[Caption-style text data]
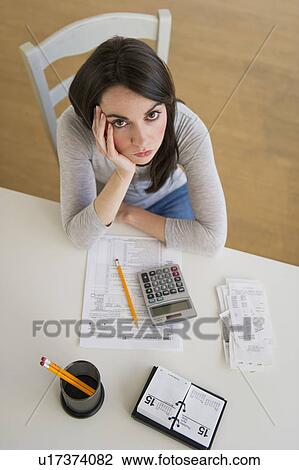 Young woman doing taxes and looking at camera View Large Photo Image Stock Image - Young woman doing taxes and looking at camera. Fotosearch
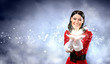 Portrait of girl wearing santa claus clothes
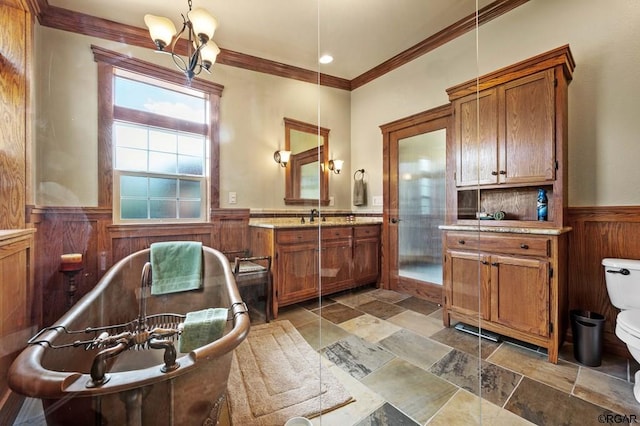 interior space featuring hanging light fixtures, ornamental molding, sink, and a notable chandelier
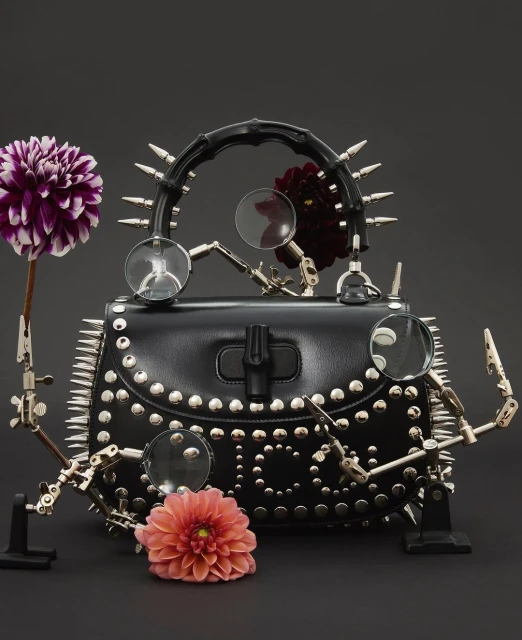 Studded black leather purse surrounded by flowers and articulated magnifying glass arms on dark background, product photography.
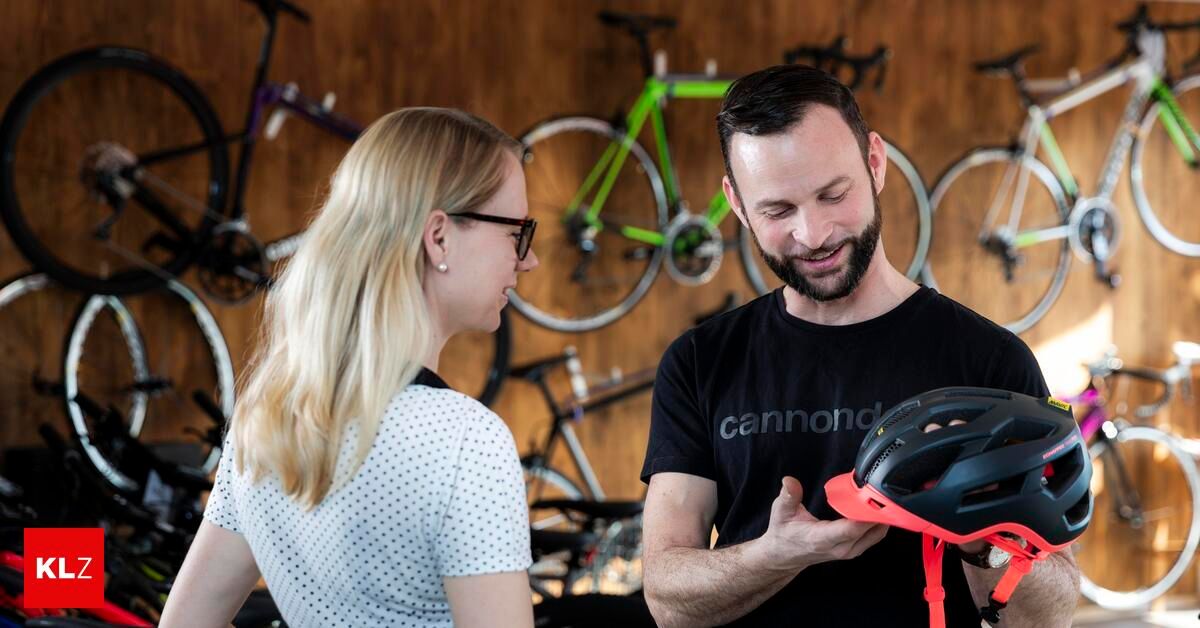 Ein Mann in einem schwarzen Cannondale-Shirt hält einen Helm, während eine Frau mit Brille zusieht. Sie stehen vor einer Wand mit mehreren aufgehängten Fahrrädern.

_WHAT THE TASK ASKS_
Each line from the one containing "interior space featuring" through the end of the records above is to be retyped exactly, with the pictures omitted and nothing added.

_RESPONSE TO THIS TASK_
 interior space featuring hanging light fixtures, ornamental molding, sink, and a notable chandelier
 Studded black leather purse surrounded by flowers and articulated magnifying glass arms on dark background, product photography.
 Ein Mann in einem schwarzen Cannondale-Shirt hält einen Helm, während eine Frau mit Brille zusieht. Sie stehen vor einer Wand mit mehreren aufgehängten Fahrrädern.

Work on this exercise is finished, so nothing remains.